*Directions for this task*.
Please repeat word for word the line containing "60s White Nylon" and every following line up to and including the last one below, pictures excluded.

*The data*.
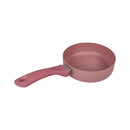 Pink frying pan on a white background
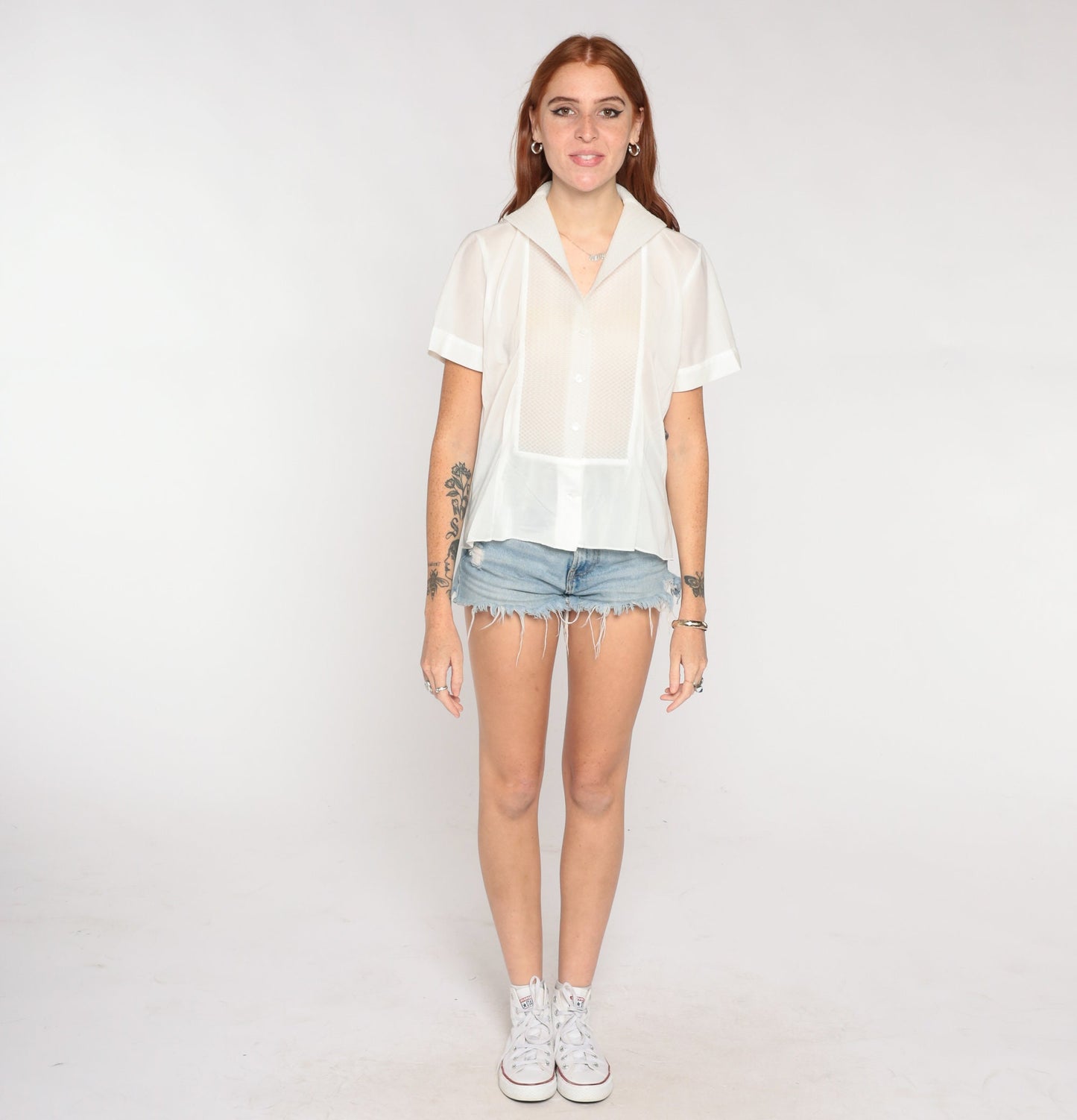 60s White Nylon Sheer Blouse Button-Up Short Sleeve Collar Top Medium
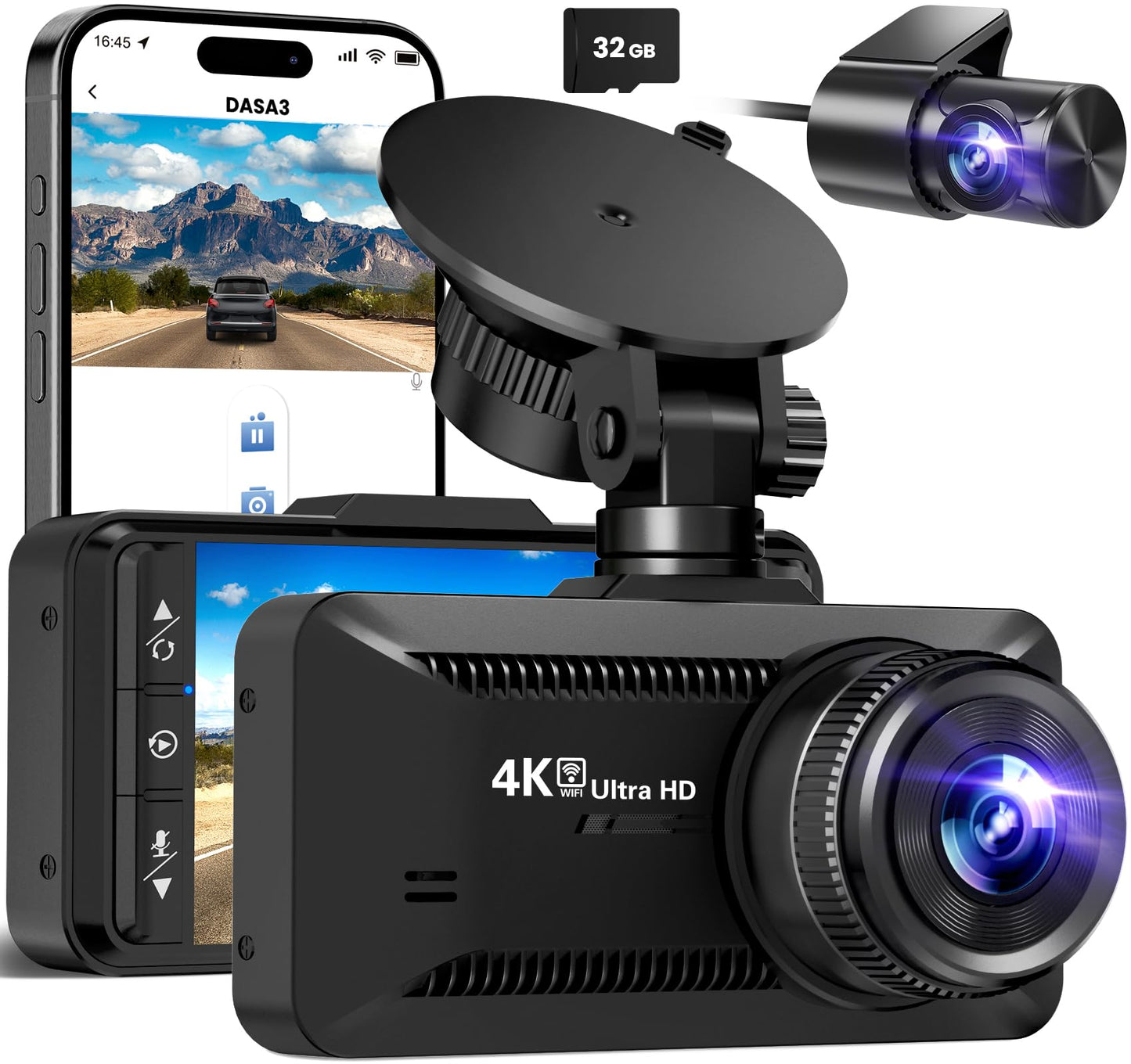 Dash Cam Front and Rear 4K/1080P, Dash Camera for Cars Build in WiFi, Full HD Dash Cam with APP Control, 3.94'' IPS Screen Dash Camera with 32GB SD Card, G-Sensor, 24Hr Parking Mote, Loop Recording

*Your response*.
 60s White Nylon Sheer Blouse Button-Up Short Sleeve Collar Top Medium
 Dash Cam Front and Rear 4K/1080P, Dash Camera for Cars Build in WiFi, Full HD Dash Cam with APP Control, 3.94'' IPS Screen Dash Camera with 32GB SD Card, G-Sensor, 24Hr Parking Mote, Loop Recording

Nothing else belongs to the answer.